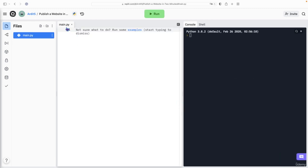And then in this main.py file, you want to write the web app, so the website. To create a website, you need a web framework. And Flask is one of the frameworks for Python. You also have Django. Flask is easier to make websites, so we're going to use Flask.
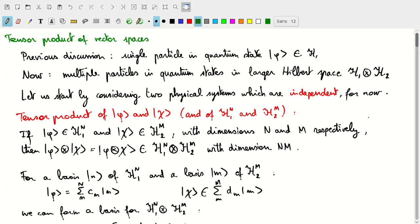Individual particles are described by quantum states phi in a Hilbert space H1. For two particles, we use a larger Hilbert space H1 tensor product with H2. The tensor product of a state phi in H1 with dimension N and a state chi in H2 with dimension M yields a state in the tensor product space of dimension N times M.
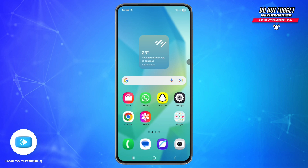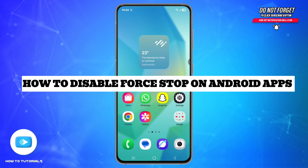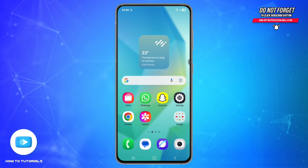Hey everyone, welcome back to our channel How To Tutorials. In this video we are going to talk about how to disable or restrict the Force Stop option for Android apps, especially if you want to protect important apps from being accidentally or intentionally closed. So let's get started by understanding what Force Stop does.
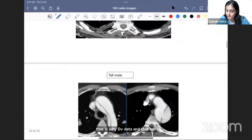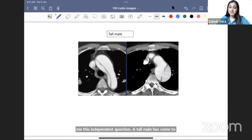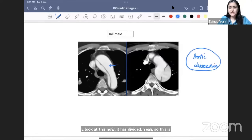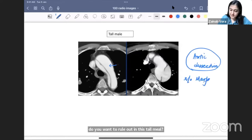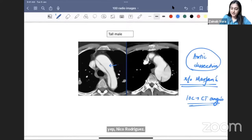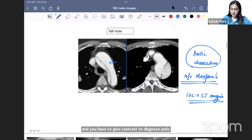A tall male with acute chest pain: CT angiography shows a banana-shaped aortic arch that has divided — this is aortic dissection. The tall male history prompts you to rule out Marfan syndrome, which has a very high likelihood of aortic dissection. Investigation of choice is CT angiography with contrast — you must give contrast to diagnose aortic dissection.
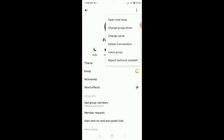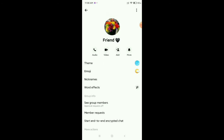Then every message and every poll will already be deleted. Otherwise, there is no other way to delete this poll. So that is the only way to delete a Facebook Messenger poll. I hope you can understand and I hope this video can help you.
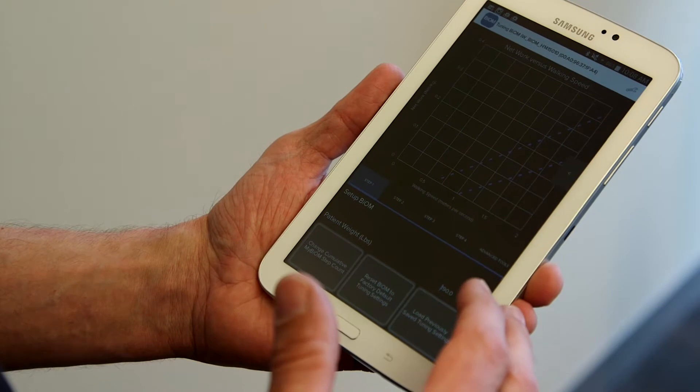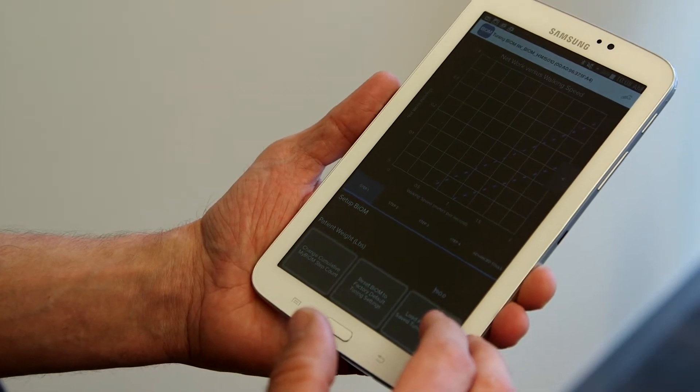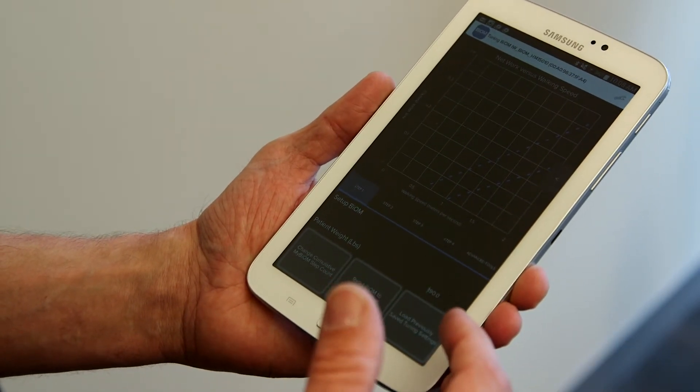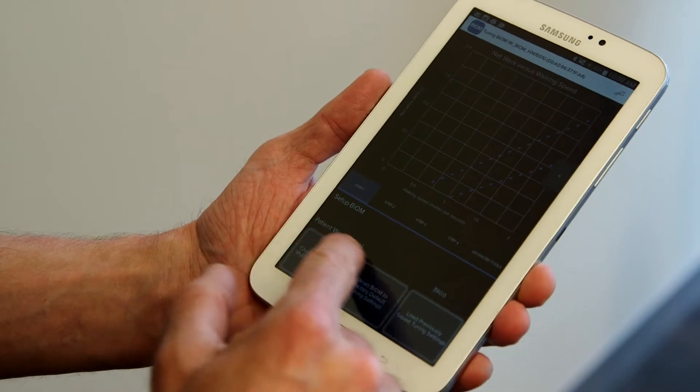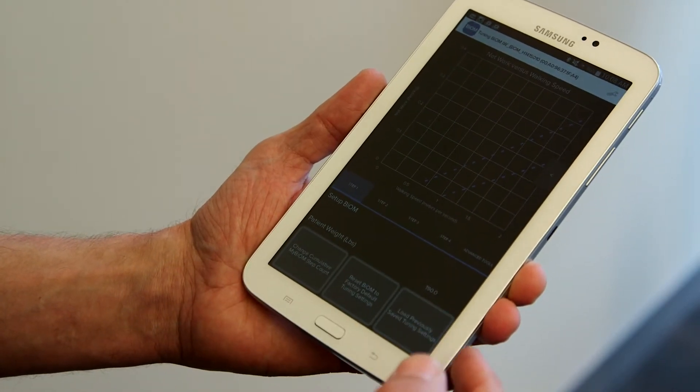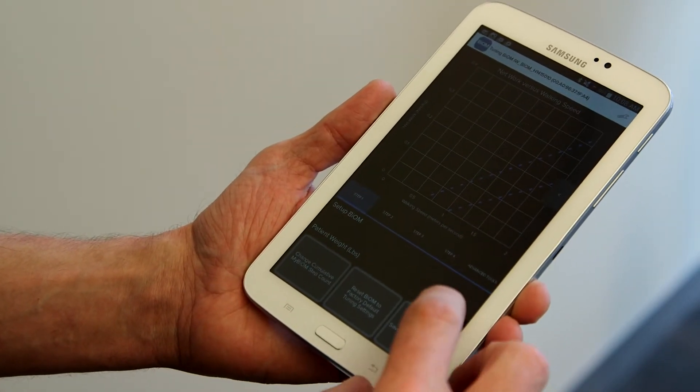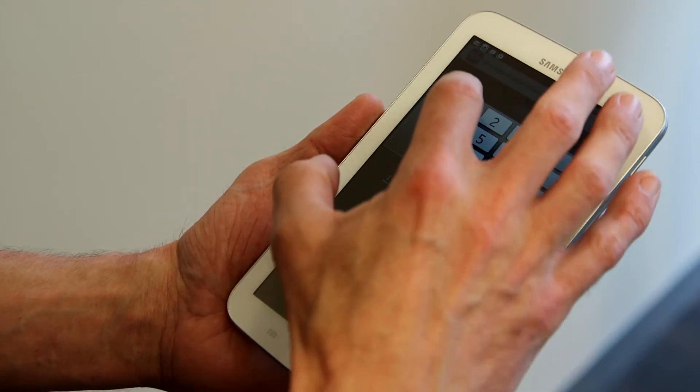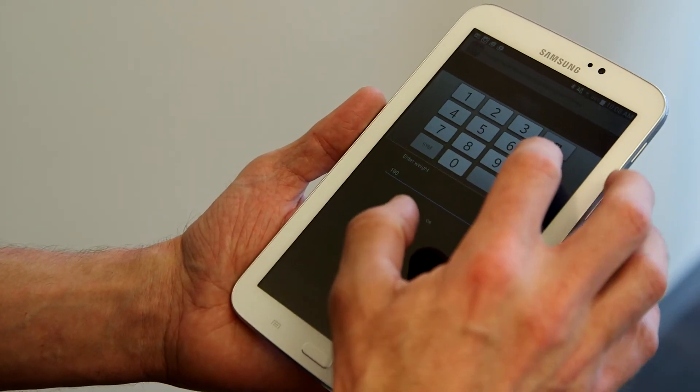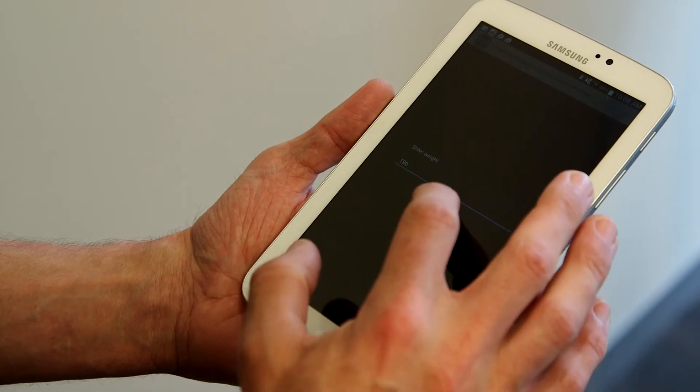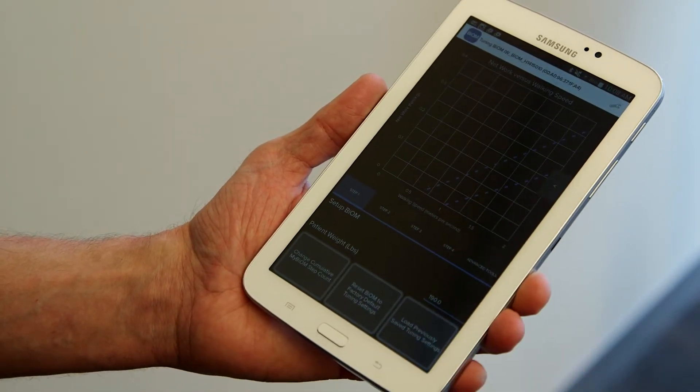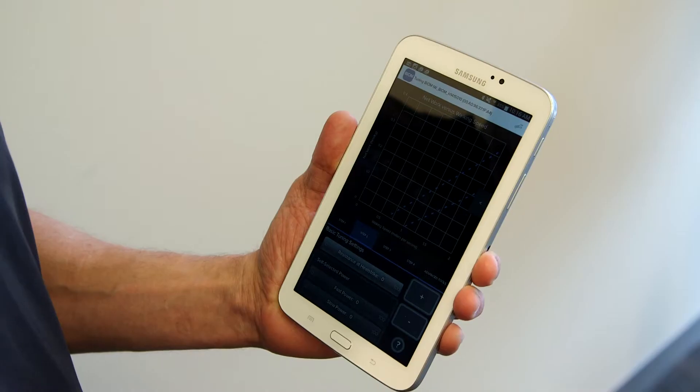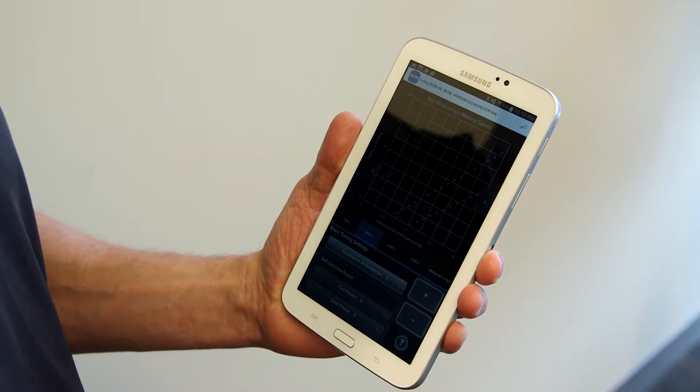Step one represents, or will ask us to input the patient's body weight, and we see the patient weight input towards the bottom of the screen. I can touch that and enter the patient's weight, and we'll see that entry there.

* * *

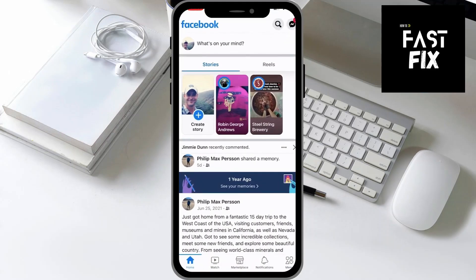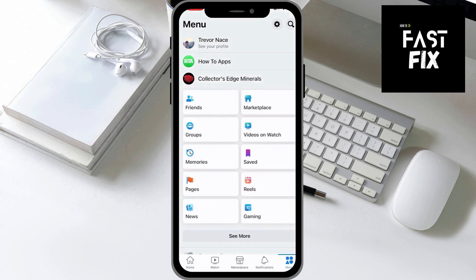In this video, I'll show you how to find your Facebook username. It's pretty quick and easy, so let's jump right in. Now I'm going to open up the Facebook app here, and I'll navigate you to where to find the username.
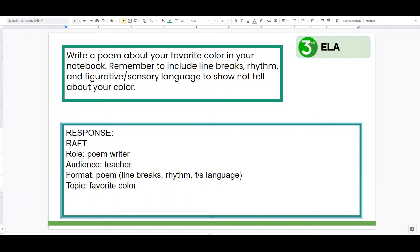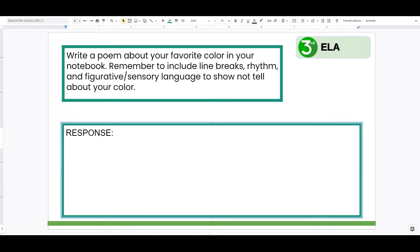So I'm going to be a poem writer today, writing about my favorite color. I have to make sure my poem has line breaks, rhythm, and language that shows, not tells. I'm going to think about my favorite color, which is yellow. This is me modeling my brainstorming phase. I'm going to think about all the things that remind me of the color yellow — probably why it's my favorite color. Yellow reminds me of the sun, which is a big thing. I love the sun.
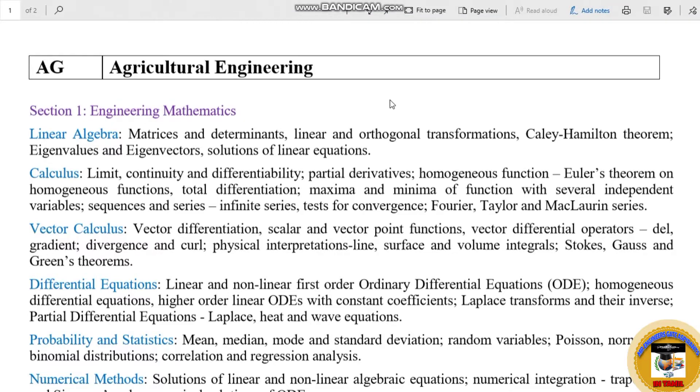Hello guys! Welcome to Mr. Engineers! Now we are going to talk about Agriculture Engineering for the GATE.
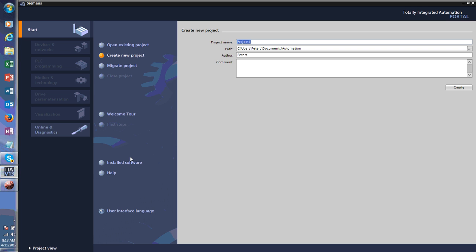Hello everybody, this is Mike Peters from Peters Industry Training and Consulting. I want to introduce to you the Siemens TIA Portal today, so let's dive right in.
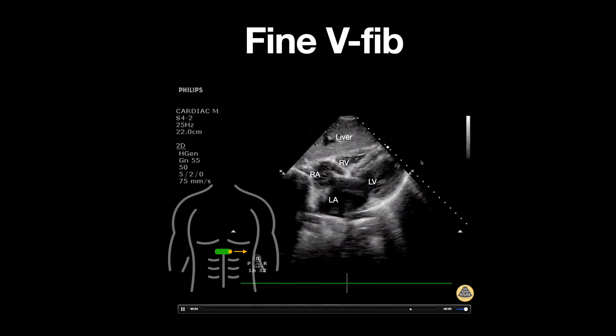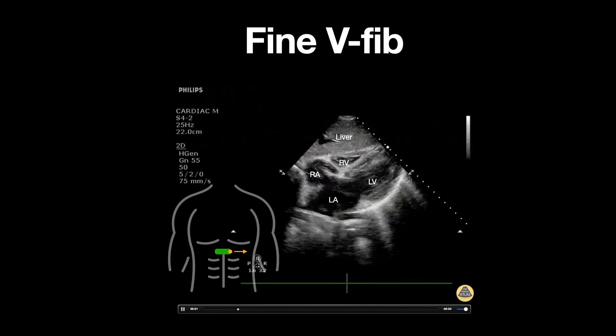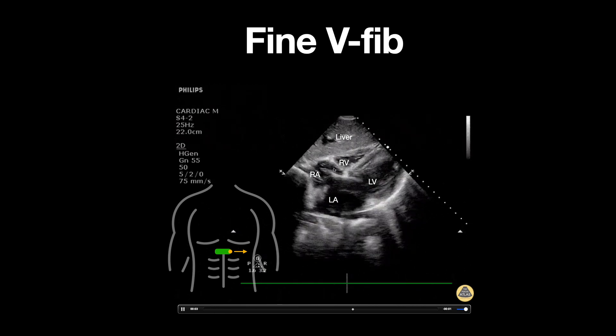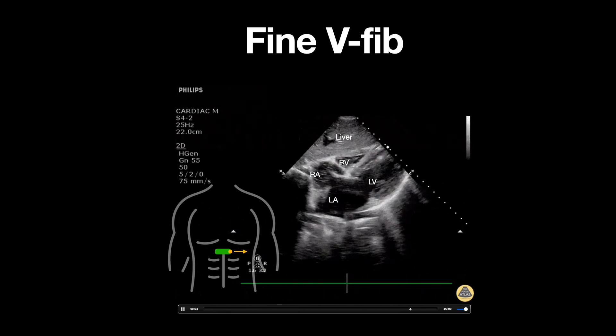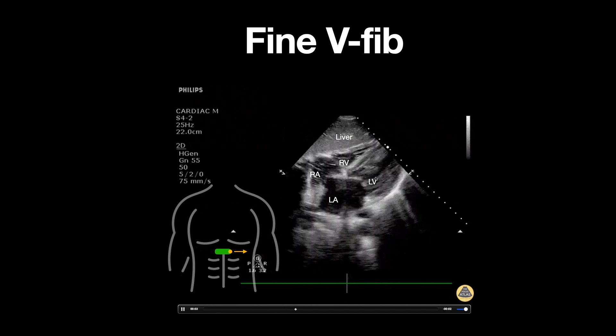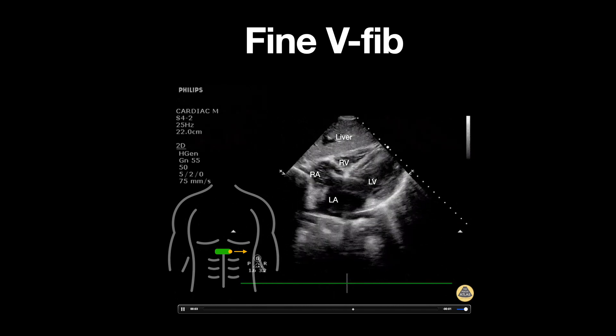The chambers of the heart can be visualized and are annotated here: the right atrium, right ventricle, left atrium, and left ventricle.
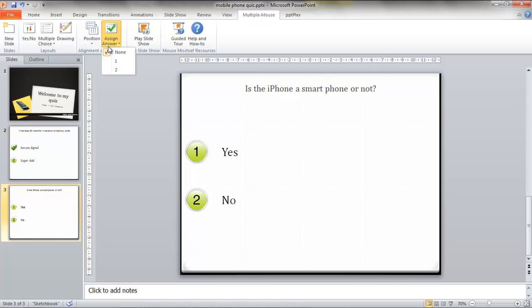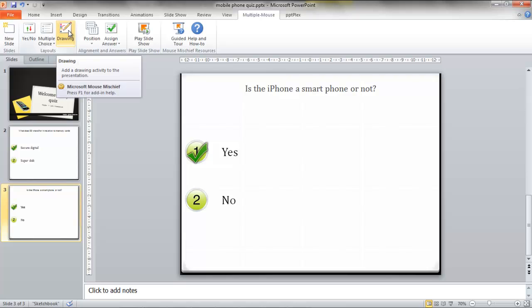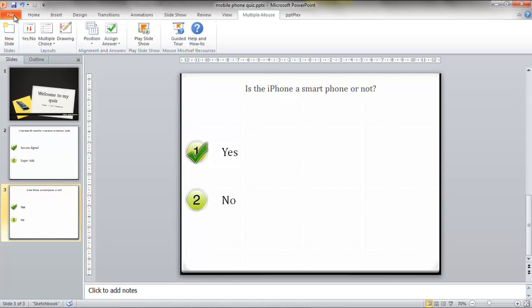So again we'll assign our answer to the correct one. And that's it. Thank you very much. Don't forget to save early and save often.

### TASK DESCRIPTION
An exact copy is needed of the stretch above that opens with the line containing "In this video, I'll" and closes with the line containing "So again we'll"; the pictures are not part of it.

### OUTPUT FOR THIS TASK
In this video, I'll show you how to find your Facebook username. It's pretty quick and easy, so let's jump right in. Now I'm going to open up the Facebook app here, and I'll navigate you to where to find the username.
So I'm going to be a poem writer today, writing about my favorite color. I have to make sure my poem has line breaks, rhythm, and language that shows, not tells. I'm going to think about my favorite color, which is yellow. This is me modeling my brainstorming phase. I'm going to think about all the things that remind me of the color yellow — probably why it's my favorite color. Yellow reminds me of the sun, which is a big thing. I love the sun.
Hello guys! Welcome to Mr. Engineers! Now we are going to talk about Agriculture Engineering for the GATE.
Hello everybody, this is Mike Peters from Peters Industry Training and Consulting. I want to introduce to you the Siemens TIA Portal today, so let's dive right in.
The chambers of the heart can be visualized and are annotated here: the right atrium, right ventricle, left atrium, and left ventricle.
So again we'll assign our answer to the correct one. And that's it. Thank you very much. Don't forget to save early and save often.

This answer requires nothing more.